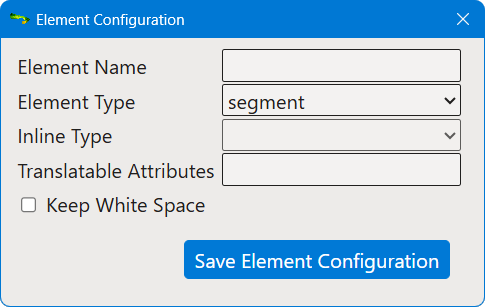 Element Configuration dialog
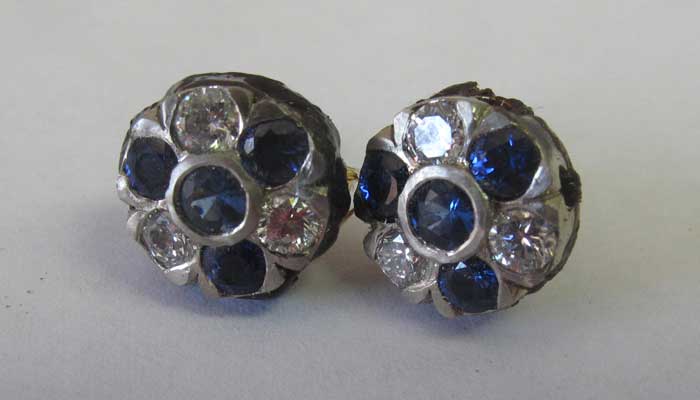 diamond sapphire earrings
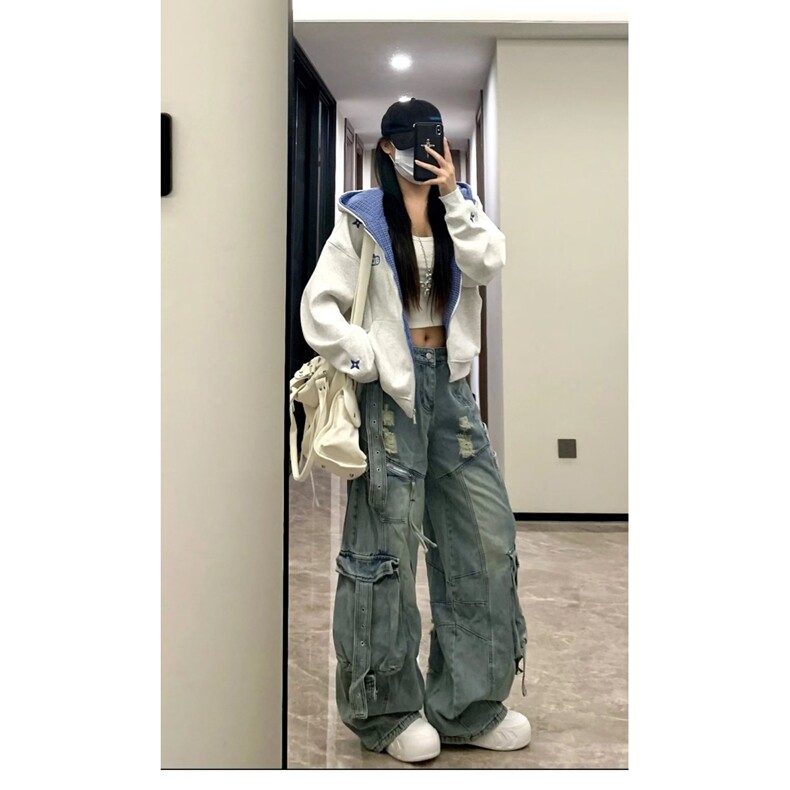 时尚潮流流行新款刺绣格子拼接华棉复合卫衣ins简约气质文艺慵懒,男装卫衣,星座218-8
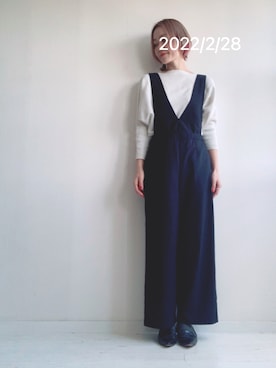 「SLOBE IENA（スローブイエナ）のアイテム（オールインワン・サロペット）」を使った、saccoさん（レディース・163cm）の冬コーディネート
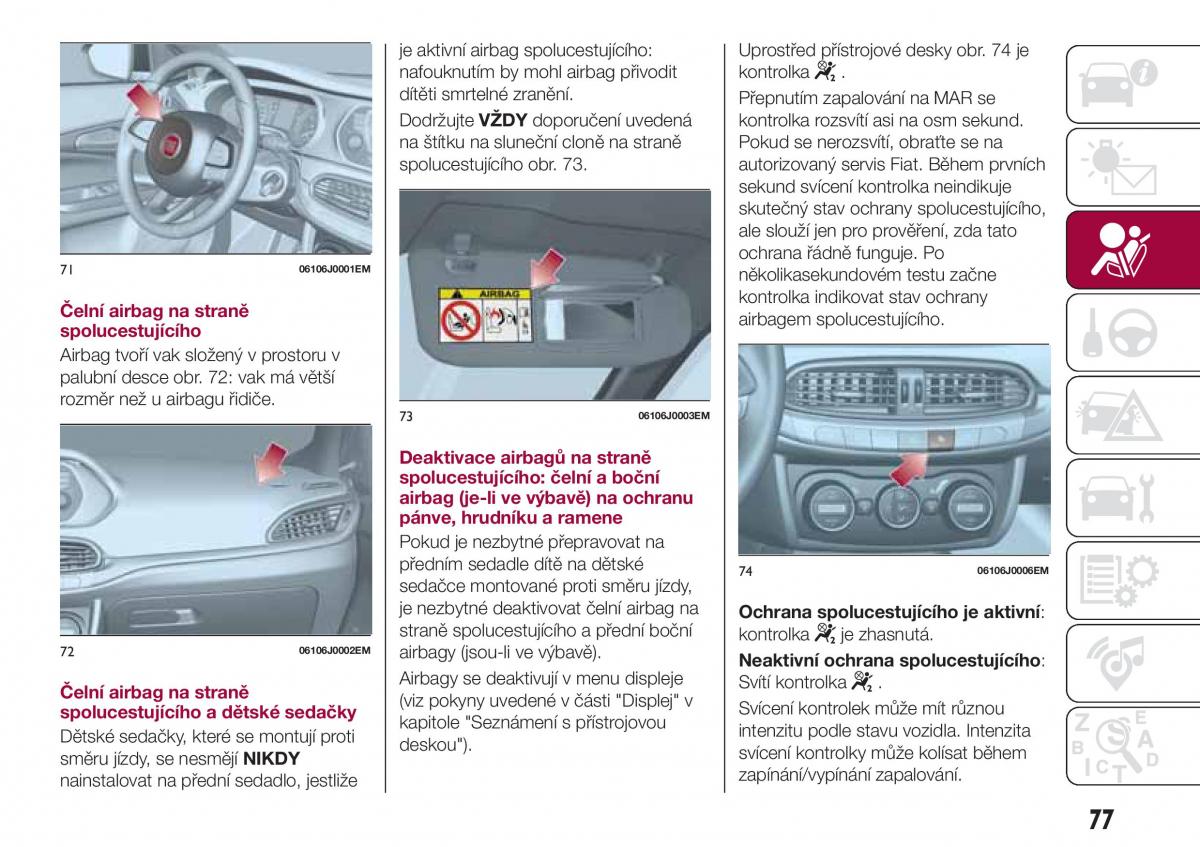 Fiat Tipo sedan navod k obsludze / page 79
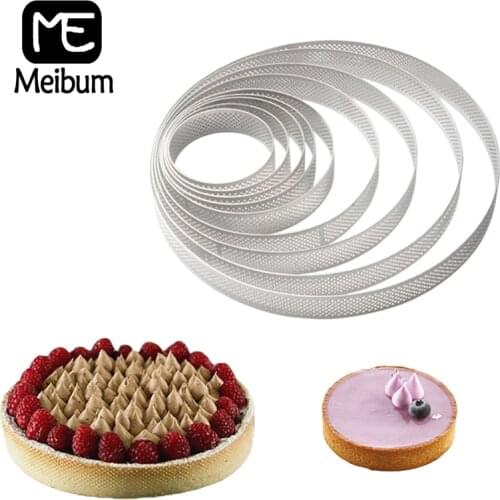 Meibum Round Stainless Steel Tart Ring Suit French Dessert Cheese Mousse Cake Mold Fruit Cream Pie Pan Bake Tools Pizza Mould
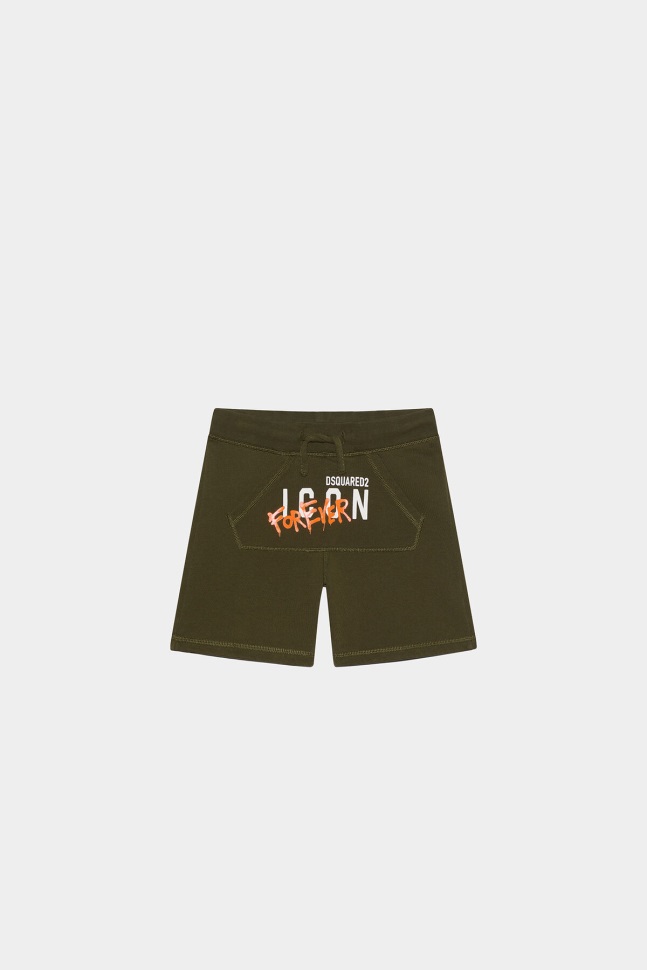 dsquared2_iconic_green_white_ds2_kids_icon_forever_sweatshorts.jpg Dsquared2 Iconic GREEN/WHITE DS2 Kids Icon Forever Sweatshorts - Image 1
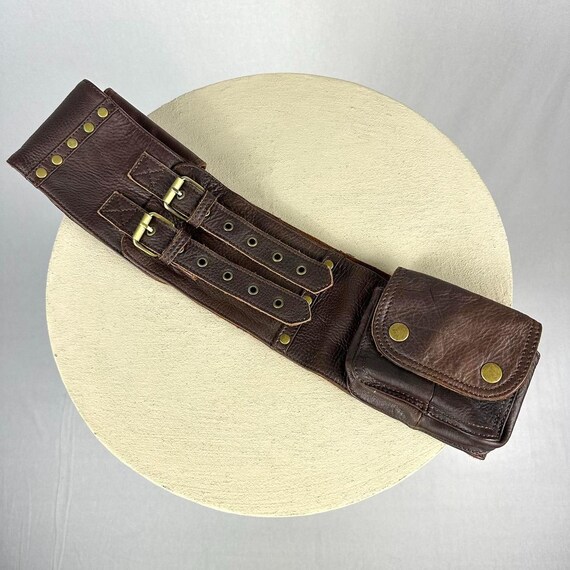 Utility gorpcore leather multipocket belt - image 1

------------------------------------------------------------

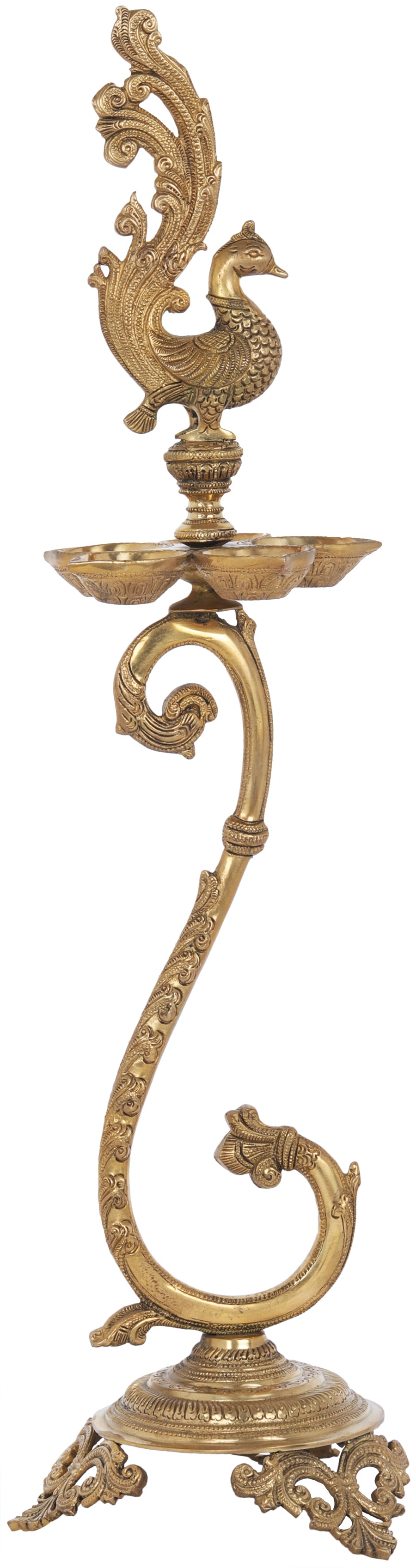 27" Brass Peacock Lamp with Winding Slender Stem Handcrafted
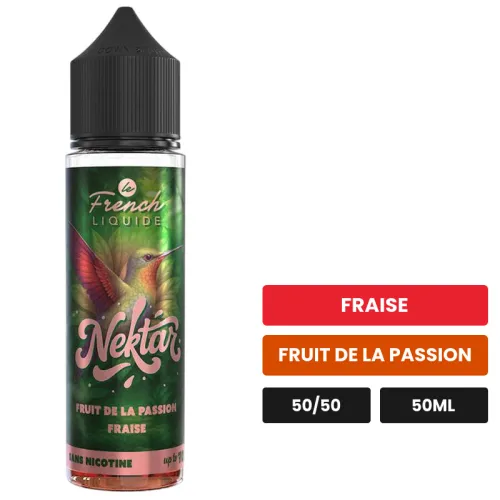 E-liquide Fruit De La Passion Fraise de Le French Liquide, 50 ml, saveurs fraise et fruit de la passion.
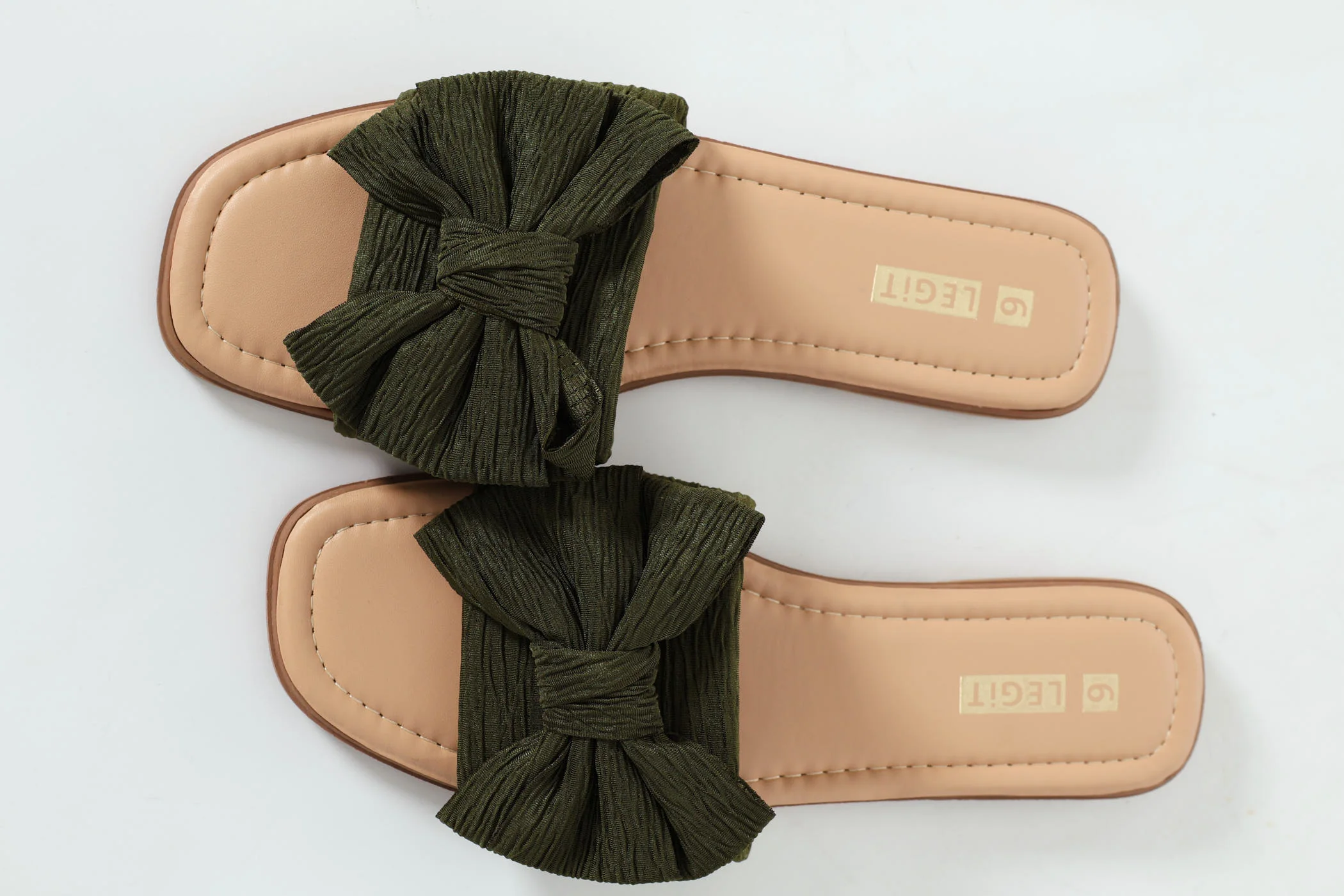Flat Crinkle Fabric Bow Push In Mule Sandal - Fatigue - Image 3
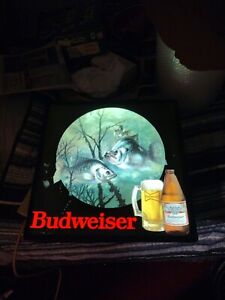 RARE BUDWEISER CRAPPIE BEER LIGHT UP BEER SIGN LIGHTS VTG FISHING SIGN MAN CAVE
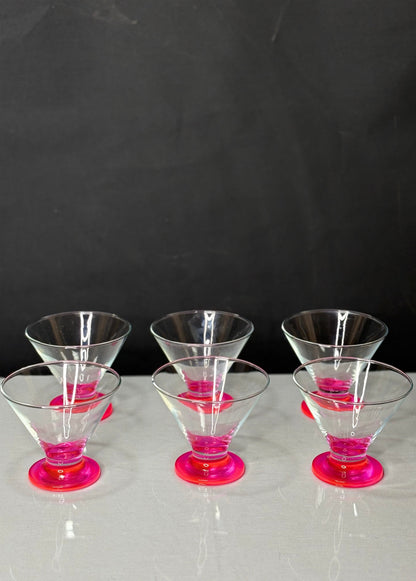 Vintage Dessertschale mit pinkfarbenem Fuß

------------------------------------------------------------

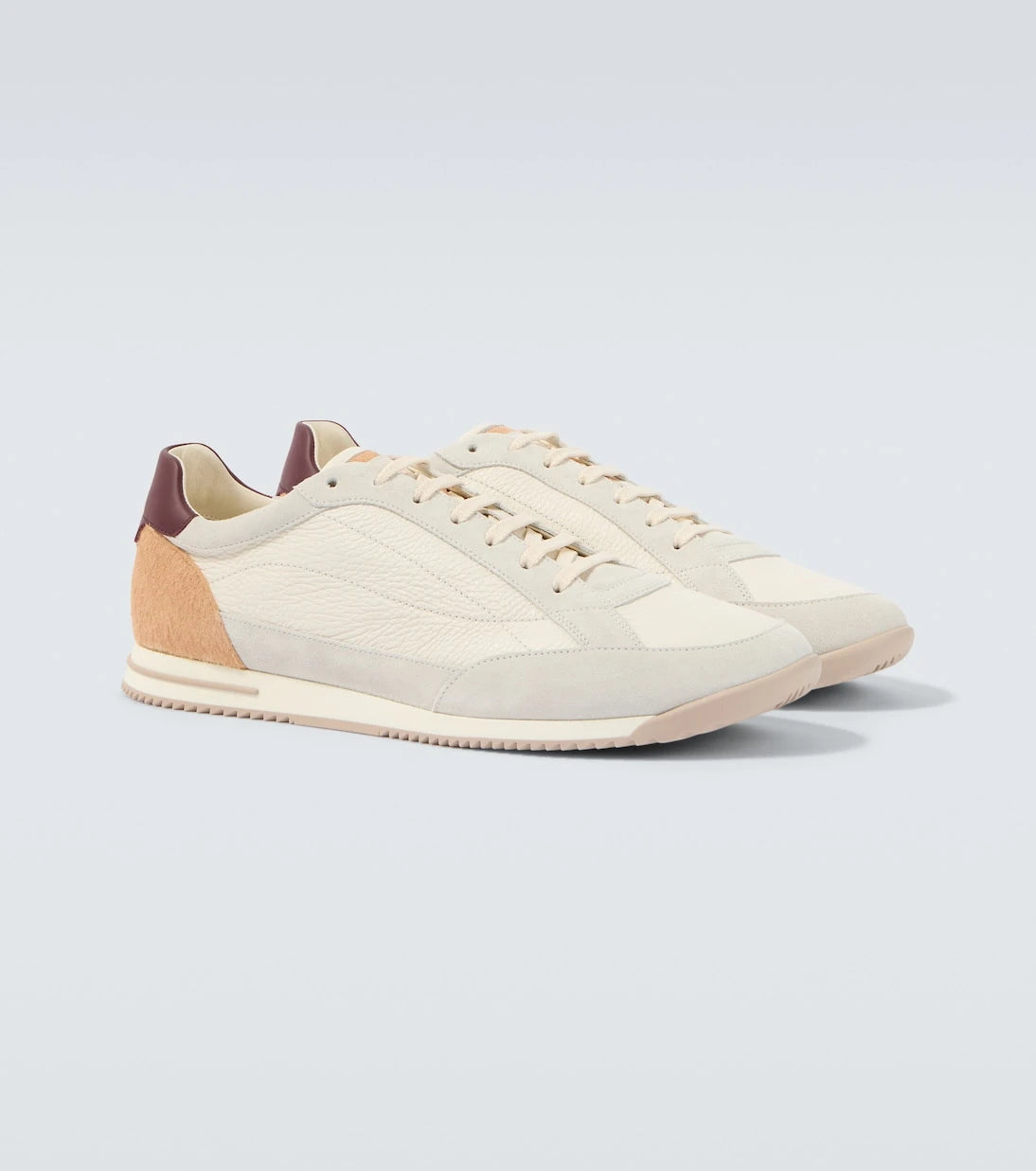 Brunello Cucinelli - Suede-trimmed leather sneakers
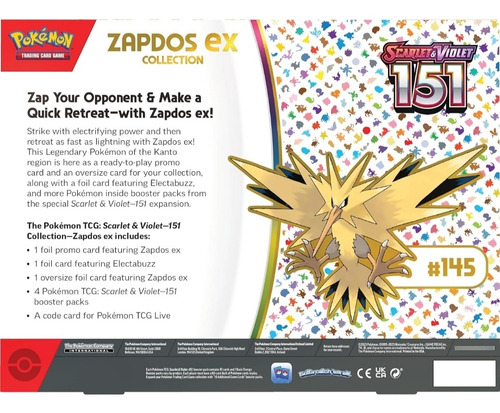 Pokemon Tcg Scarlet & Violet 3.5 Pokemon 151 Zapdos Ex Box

------------------------------------------------------------

Would you give again, exactly, the lines in the data above that run from the line containing "Fiat Tipo sedan navod k obsludze / page 79" to the line containing "Utility gorpcore leather"? Include both ends and no pictures.

 Fiat Tipo sedan navod k obsludze / page 79
 Meibum Round Stainless Steel Tart Ring Suit French Dessert Cheese Mousse Cake Mold Fruit Cream Pie Pan Bake Tools Pizza Mould
 dsquared2_iconic_green_white_ds2_kids_icon_forever_sweatshorts.jpg Dsquared2 Iconic GREEN/WHITE DS2 Kids Icon Forever Sweatshorts - Image 1
 Utility gorpcore leather multipocket belt - image 1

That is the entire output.